A fuel cell includes: a fuel electrode made of a hydrogen storage alloy coated with nickel, an oxygen electrode, and an electrolyte unit interposed between the fuel electrode and the oxygen electrode. The fuel cell can supply stable power even though it is used for a long time.

Description

    TECHNICAL FIELD
  • The present invention relates to a fuel cell and, more particularly, to a fuel cell using hydrogen storage alloy as an electrode.
    • BACKGROUND ART
  • A fuel cell refers toga battery for directly converting a chemical energy generated according to oxidation of fuel such as hydrogen to an electric energy.
  • FIG. 1 is a schematic view showing an example of a general fuel cell.
  • As shown in FIG. 1, the fuel cell includes a fuel electrode (anode) 14 and an oxygen electrode (cathode) 16 with electrolyte interposed therebetween.
  • In the fuel cell with such a structure, a fuel such as hydrogen is supplied to the fuel electrode 14 through a fuel supply pipe 13 and at the same time oxidant such as oxygen or air is supplied to the oxygen electrode 16 through an oxidant supply pipe 17.
  • At this time, electrons are discharged with an aid of catalyst and oxidation takes place in the anode pole 14. The electrons generated from the anode 14 are transferred to the cathode 16 by way of a load 18 connected to the anode 14 and the cathode 18.
  • In the cathode 16, as reduction reaction takes place with the electrons transferred by the aid of the catalyst, the oxidant is reduced.
  • Positive ions/negative ions are transferred from the anode 14 to the cathode 16 or from the cathode 16 to the anode 14 through the electrolyte 12 interposed between the anode 14 and the cathode 16.
  • In particular, if hydrogen is used as the fuel, as the fuel cell operates, ionization of hydrogen proceeds to hydrogen ion H+ and electron e in the anode 14, and H+ generated in the anode 14 is moved to the cathode 16 through the electrolyte and the electron e is transferred to an external load 18 through the anode 14.

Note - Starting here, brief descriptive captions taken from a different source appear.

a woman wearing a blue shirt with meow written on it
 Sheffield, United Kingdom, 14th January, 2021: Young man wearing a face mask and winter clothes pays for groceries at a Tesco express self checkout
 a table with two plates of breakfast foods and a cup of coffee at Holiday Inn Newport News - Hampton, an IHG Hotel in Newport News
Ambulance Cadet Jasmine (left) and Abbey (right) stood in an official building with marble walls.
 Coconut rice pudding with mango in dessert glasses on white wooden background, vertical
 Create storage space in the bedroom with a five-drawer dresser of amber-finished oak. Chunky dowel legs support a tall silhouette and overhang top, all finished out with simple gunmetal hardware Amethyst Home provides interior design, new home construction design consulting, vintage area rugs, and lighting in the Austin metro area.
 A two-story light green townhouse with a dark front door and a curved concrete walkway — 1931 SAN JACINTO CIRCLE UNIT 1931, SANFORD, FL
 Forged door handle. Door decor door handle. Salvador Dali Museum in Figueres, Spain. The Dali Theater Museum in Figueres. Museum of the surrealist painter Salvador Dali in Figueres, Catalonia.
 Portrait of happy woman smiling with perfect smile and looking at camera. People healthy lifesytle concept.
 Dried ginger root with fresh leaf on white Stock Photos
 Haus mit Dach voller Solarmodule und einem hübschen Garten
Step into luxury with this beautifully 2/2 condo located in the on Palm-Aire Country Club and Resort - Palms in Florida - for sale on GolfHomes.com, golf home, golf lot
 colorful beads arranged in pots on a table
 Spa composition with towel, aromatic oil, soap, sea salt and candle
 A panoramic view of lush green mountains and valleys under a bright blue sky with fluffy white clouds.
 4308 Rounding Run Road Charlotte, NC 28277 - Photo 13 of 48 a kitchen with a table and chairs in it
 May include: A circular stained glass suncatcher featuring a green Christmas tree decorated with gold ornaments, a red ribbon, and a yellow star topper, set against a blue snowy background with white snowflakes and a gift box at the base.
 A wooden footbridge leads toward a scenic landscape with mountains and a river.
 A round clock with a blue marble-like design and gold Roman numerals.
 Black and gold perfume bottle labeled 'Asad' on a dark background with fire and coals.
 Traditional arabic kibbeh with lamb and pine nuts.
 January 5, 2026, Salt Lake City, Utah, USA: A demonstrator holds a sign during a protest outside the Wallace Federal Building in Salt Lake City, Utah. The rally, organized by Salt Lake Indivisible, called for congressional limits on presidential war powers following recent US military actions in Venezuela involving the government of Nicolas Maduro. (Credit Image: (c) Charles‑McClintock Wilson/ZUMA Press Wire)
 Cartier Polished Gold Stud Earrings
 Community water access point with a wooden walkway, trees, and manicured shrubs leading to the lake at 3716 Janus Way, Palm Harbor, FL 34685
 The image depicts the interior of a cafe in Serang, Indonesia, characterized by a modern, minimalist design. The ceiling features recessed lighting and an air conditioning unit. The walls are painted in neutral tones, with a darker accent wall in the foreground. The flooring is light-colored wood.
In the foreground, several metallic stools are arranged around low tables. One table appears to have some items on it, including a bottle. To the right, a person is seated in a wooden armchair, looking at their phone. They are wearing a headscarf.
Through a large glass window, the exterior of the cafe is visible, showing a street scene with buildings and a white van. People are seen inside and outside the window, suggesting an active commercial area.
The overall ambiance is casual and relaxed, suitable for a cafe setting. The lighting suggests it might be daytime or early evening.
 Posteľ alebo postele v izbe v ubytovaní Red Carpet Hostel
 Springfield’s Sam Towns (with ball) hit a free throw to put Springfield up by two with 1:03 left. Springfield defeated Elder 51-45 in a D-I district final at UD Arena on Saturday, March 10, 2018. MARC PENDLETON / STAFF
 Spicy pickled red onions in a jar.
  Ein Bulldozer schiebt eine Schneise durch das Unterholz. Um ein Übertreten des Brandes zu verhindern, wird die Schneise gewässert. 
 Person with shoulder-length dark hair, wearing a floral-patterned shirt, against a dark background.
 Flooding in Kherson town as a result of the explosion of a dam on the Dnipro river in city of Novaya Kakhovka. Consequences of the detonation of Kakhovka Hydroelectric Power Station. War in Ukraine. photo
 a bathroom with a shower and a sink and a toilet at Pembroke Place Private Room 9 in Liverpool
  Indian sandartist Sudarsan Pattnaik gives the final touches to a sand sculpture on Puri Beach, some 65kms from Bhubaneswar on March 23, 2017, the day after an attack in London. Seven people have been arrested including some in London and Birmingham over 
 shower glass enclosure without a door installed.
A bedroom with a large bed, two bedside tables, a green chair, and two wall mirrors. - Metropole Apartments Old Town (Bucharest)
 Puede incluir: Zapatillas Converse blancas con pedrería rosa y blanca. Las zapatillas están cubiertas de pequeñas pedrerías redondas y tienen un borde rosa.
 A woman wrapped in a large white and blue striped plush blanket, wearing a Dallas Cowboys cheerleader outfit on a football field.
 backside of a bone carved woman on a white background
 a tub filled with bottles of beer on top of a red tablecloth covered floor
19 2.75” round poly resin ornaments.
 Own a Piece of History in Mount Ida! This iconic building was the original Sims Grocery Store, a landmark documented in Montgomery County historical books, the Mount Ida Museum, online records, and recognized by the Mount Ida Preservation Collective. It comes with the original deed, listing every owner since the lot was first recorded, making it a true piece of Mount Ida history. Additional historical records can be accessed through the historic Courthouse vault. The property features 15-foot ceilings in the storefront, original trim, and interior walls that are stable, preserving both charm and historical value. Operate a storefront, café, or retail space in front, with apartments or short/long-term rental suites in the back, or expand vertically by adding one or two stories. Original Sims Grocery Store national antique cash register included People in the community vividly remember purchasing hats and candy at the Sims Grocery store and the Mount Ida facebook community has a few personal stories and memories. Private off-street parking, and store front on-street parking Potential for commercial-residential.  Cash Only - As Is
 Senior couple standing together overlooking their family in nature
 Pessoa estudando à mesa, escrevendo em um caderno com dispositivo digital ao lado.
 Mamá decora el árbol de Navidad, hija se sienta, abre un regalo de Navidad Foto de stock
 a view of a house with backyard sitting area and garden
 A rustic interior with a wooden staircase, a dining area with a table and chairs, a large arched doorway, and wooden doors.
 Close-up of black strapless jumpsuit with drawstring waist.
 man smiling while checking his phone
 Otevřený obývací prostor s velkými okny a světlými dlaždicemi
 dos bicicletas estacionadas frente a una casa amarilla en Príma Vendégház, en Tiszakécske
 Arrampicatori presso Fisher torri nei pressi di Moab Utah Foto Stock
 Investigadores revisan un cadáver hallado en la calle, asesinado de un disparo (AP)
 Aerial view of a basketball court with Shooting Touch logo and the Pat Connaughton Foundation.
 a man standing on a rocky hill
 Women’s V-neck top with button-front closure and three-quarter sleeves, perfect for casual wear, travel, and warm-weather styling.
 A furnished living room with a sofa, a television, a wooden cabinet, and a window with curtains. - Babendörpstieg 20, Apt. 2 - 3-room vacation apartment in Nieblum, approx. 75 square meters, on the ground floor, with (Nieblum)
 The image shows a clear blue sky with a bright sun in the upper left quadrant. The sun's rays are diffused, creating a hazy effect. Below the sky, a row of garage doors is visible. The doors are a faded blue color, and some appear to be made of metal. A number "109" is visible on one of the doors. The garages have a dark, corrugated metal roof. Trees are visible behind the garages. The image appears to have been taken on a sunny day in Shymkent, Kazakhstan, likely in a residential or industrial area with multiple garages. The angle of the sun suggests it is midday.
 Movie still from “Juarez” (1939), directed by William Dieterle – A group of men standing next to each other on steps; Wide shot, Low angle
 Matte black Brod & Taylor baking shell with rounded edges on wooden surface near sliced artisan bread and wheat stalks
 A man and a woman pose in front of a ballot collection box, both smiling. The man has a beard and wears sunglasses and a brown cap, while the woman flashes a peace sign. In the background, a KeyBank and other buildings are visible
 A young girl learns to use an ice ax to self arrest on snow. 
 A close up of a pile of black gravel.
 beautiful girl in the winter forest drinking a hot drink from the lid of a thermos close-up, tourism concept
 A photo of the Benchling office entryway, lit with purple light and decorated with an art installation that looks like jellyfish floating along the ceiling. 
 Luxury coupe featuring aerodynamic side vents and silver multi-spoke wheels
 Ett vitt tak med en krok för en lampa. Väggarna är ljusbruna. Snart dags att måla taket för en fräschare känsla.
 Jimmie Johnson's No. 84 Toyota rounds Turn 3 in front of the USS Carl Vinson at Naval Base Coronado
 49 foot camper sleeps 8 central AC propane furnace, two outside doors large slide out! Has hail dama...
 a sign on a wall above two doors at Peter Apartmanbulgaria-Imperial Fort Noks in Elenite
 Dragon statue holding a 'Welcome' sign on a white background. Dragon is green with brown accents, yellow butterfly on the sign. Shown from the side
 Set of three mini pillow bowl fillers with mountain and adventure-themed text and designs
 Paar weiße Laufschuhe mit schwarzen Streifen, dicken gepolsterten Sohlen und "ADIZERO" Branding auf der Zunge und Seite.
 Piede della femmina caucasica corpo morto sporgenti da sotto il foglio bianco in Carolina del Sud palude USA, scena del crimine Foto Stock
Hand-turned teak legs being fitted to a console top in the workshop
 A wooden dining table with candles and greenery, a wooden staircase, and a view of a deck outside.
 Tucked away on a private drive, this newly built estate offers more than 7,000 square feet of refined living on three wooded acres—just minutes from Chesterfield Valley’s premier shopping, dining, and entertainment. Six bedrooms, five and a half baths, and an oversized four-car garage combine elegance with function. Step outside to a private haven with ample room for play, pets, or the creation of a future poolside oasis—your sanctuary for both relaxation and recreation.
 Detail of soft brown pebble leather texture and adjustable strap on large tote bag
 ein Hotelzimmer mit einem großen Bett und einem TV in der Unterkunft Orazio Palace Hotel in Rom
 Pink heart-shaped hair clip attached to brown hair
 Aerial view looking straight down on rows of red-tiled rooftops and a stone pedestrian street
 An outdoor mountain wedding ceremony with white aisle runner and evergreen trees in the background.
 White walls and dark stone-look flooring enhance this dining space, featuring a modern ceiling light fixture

  • In the cathode 16, H+ transferred through the electrolyte 12 reacts with oxygen in the air, generating water together with heat of reaction, which is expressed as the following reaction formula:
    Fuel electrode/anode: H2(g)→2H++2e
    Oxygen electrode/cathode: ½O2(g)+2H++2e→H2O(I)
    Total reaction formula: H2(9)+½O2(g)→H2O(I)
  • In the fuel cell, generally, a load is connected to the anode 14 and the cathode 16. When the fuel cell operates, electron e is continuously generated from the anode 14 and flows to the cathode 16 through the load, that is, as electrons are transferred from the anode 14 to the cathode 16, a current is generated to operate an electric device, etc.
  • In line with the tendency of high energy density, compact and light weight and long life span, a hydrogen storage alloy such as metal hydride is used as an anode of the fuel cell. In the case of using the hydrogen storage alloy, there is no pollution-causing material such as cadmium, so that pollution can be remarkably reduced.
  • Generally, the fuel cell is expected to supply stable power for a long time. Material and characteristics of an electrode used as an anode or a cathode strongly affect a life span and output of the fuel cell.
  • In order to enhance efficiency of the fuel cell and extend a life span, various methods related to the electrode have been proposed, including Japanese Laid Open Publication No. 2002-246039, and PCT Application Laid Open Publication WO 01/68246.
  • However, the manufacturing method of the fuel cell in the above documents is complicate, and in addition, since catalyst in powder form is not completely attached to a catalyst support member, the catalyst is released from the catalyst support member, causing a problem that an efficiency of the electrode and its life span are shortened.
    • DISCLOSURE OF THE INVENTION
  • Therefore, it is an object of the present invention to provide a fuel cell that is capable of continuously maintaining a stable performance and facilitating coupling between catalyst and a catalyst support member, an electrode catalyst and an electrode for a fuel cell.
  • To achieve these objects, there is provided a fuel cell including: a fuel electrode made of a hydrogen storage alloy coated with nickel; an oxygen electrode; and an electrolyte unit interposed between the fuel electrode and the oxygen electrode.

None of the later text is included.